Nous sommes dans une usine. Nos chevaux sont tous cellés, prêts à partir - et nous attendons - nous ! ... moi plutôt, les autres sont dans la cave.

Les Boches viennent de commencer le bombardement de Vieux-Thann.

Tout à côté de nos bureaux, se trouve le bureau du chef de l'usine. C'est là que je me suis installé. Il y a un fauteuil confortable et de quoi écrire. Le seul défaut est que tout est vitré et que j'y risque d'être tué. Mais il faut bien, n'est-ce-pas, que quelqu'un soit là pour porter les ordres ! Puisque les autres sont dans la cave, il faut bien que ce soit moi. Sans doute je n'y suis pas obligé. Mais qui porterait les ordres, si tous se cachaient ? Donc je suis là sous le verre, et, au son de la mitraille, je vous écris. J'y trouve un très grand plaisir.

Il faut savoir que l'on entend venir les obus d'assez loin. On a bien 5 à 6 secondes pour se cacher ; mais où se cacher dans un bureau tout en verre ? Je ne me cache donc pas et j'écris.

Mes chers tous je vous aime et je n'ai jamais aimé que vous. J'entends l'obus qui vient, et il me plaît de continuer à vous écrire. Il est passé, il est tombé à plus de cent mètres. Si je suis tué dans mon fauteuil confortable, en attendant des ordres, dans le bureau vitré, il me plaît que ce soit en vous écrivant.
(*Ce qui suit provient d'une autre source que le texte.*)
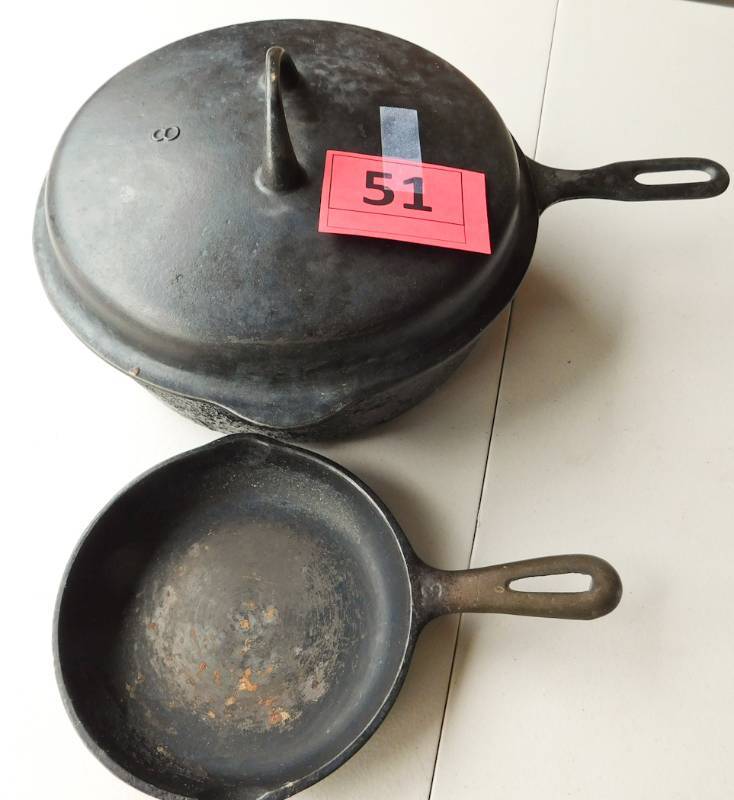 Griswold covered chicken pan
Donc, mes chers tous, je suis avec vous. Une de mes vitres vient d'être cassée par un éclat d'obus. Nos canons se mettent à répondre. La cannonade boche redouble. Les obus boches tombent tout autour. Un éclat vient encore de tomber sur le toit. Je voudrais bien connaître Arlette. Si je reviens à Thann, il faudra m'écrire souvent de longues lettres. Nos 155 se mettent de la partie. Je les entends qui grondent férocement. Les obus tombent maintenant sur nous avec une rapidité extraordinaire. A voir les dégâts qu'ils font se sont sûrement de grosses marmites.

Ma chère Marie soigne bien nos petits tant que je ne serai pas là, aime-les pour nous deux. Je te confie mes parents; aime-les bien.
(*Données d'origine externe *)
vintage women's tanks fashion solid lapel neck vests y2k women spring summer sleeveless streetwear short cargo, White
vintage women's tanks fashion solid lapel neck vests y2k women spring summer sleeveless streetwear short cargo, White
Maman, je te confie Marie et les petits. Cela se calme ! Non, ça continue. Je vois à 300 mètres, des sapins qui sautent la racine en l'air.

Je n'ai plus qu'un petit bout de papier. Il faut garder de la place pour vous dire comment cela finira.

J'allume une pipe et j'attends. Nos 75 répondent par batteries !

Je continue ma pipe !...

La lettre s'arrête là. C'est à son bureau que Yves de COLLEVILLE a été tué par un obus.

(Source : Georges Bernanos - à la merci des passants par Jean Loup Bernanos et archives de Anne-Marie LEYDIER)

La comtesse de COLLEVILLE est décédée le 29/01/1972 dans le cimetière de Luigny, prêt de la tombe de son mari.